Even in a divided Washington, this should be an issue we can agree on. Not a year ago, in two different pieces of legislation—the 2014 National Defense Authorization Act and the Consolidated Appropriations Act of 2014—leaders from both parties came together to include a requirement that the President consult with Congress before releasing Guantanamo detainees. On this issue, we spoke with one voice.
And yet, the President ignored that clear legal requirement. He ignored the law. Now many are asking whether his decision to do so will endanger more American lives.
In a hearing before the Senate Armed Services Committee I attended in 2012, the President’s Director of National Intelligence, James Clapper, repeated a 2010 Administration assessment that these same five Taliban leaders posed a high risk of returning to the fight. Director Clapper was clear, saying, “I do not think anyone harbors any illusions about these five Taliban members and what they might do if they were transferred.” The latest intelligence assessment is that four out of five of these men are all but certain to return to the battlefield in Afghanistan, where they will rejoin the fight against the thirty thousand American service personnel still engaged against Taliban forces.
We must not be blind to the fact that the Taliban aims to regain as much power as they can in Afghanistan and Pakistan. That means a return to oppression, human rights abuses, the suppression of women’s rights, and most importantly, the complicit harboring of their ally, al Qaeda. We have just returned to them a leadership team to help achieve that aim.
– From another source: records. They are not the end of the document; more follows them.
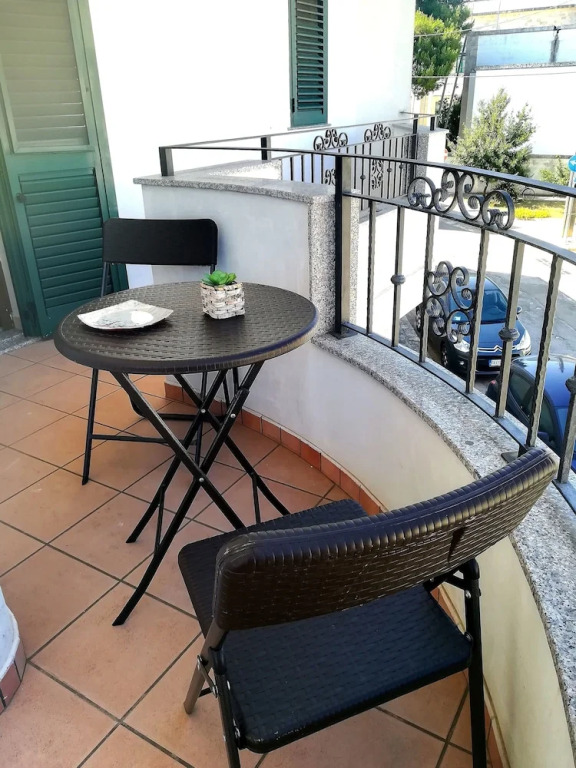 Bright apartment a few km from the sea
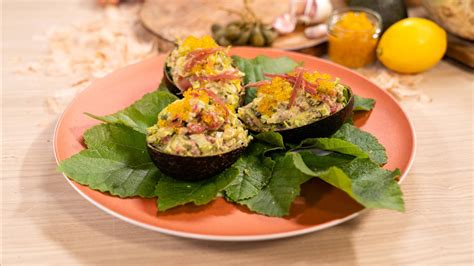 Receta de aguacates rellenos de atún Menudos Torres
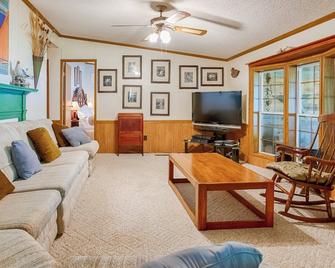 Lucky Stone Cottage - Quality Affordable Cayuga Lake Vacation - Interlaken - Living room
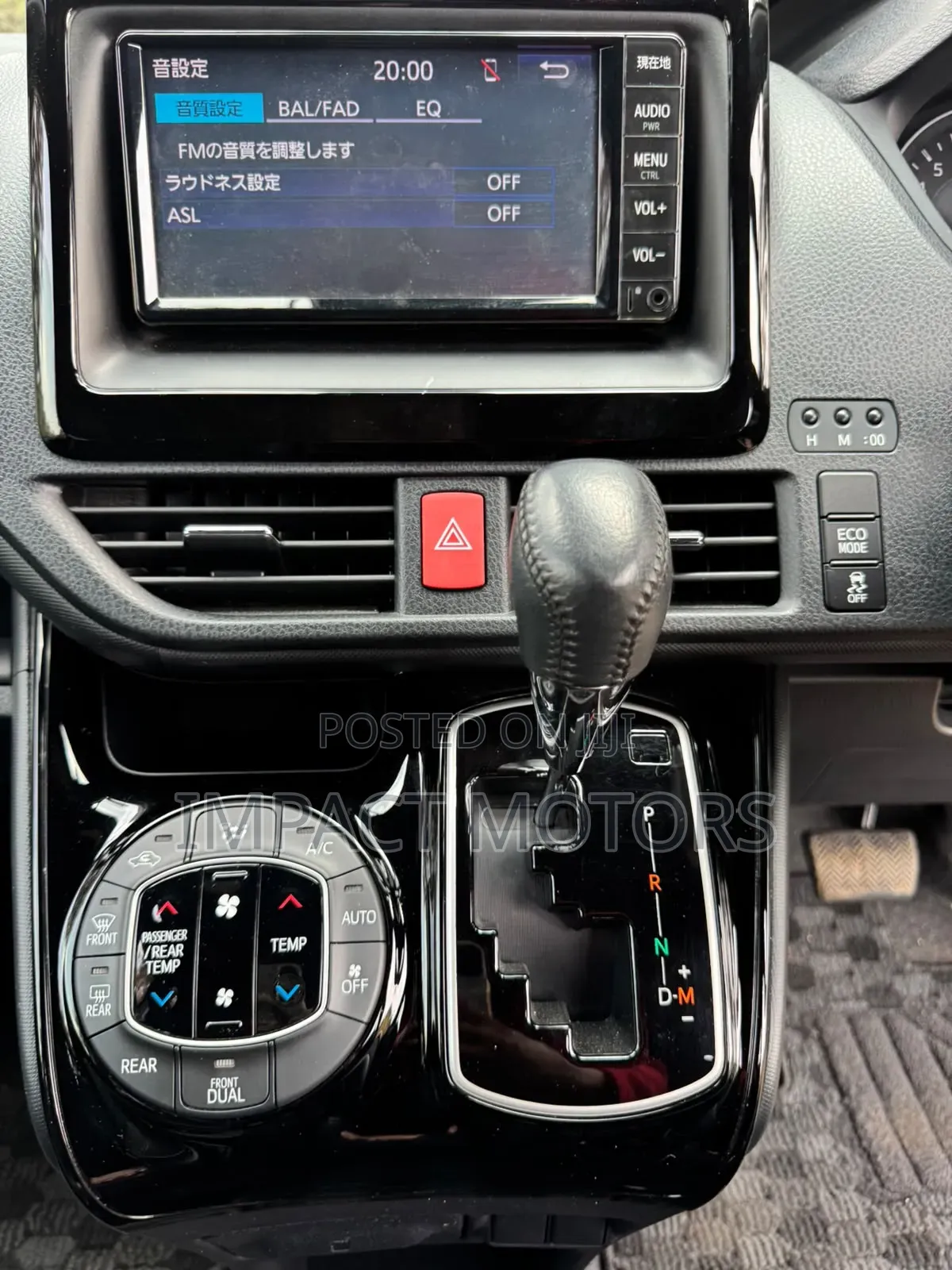 Toyota Noah 2019 Pearl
I think it’s useful to remember why we went to Afghanistan in the first place. Before September 11, under Taliban rule, the country had become a haven for al-Qaeda, a power base for Osama bin Laden, and a place from which to plan and launch attacks against the United States and our allies. We went to Afghanistan to seek justice for those who died on September 11, but we also went to remove the Taliban from power, free the Afghan people, and ensure that Afghanistan never again becomes a base for terrorist activity.
When the war in Afghanistan does end, we need to ensure that it ends with sustainable victory, not future defeat. The deteriorating situation in Iraq demonstrates what can happen when we rush to the exits.
Today, the black flag of radical Islam flies over the second largest city in Iraq, and armed militants are advancing on Baghdad. Proclaiming victory in Iraq did not make it so. Many in the Senate made clear that if we failed to maintain appropriate forces in Iraq to help the government transition and establish its authority, the long-term stability of Iraq would be open to threats by radical groups. President Obama did not heed those warnings, and unfortunately, we are seeing those predictions come true.
Whatever we do in Afghanistan, we must learn the lessons of Iraq. The decision to release high-ranking members of the Taliban—while the fight against the Taliban continues—has shaken the trust of the American and Afghan people and opens the frightening possibility that what we are seeing today in Iraq may be a foreshadowing of Afghanistan’s future.
Congress has a responsibility to go on record defending two laws it passed, a responsibility to get to the bottom of how this release of hardened Taliban operatives could happen, and a responsibility to ensure this kind of transfer does not happen again. Although Democratic Senate Leaders blocked my resolution earlier this week, I hope they will reconsider. The stakes are simply too high to do otherwise.
Rob Portman is a United States Senator from Ohio.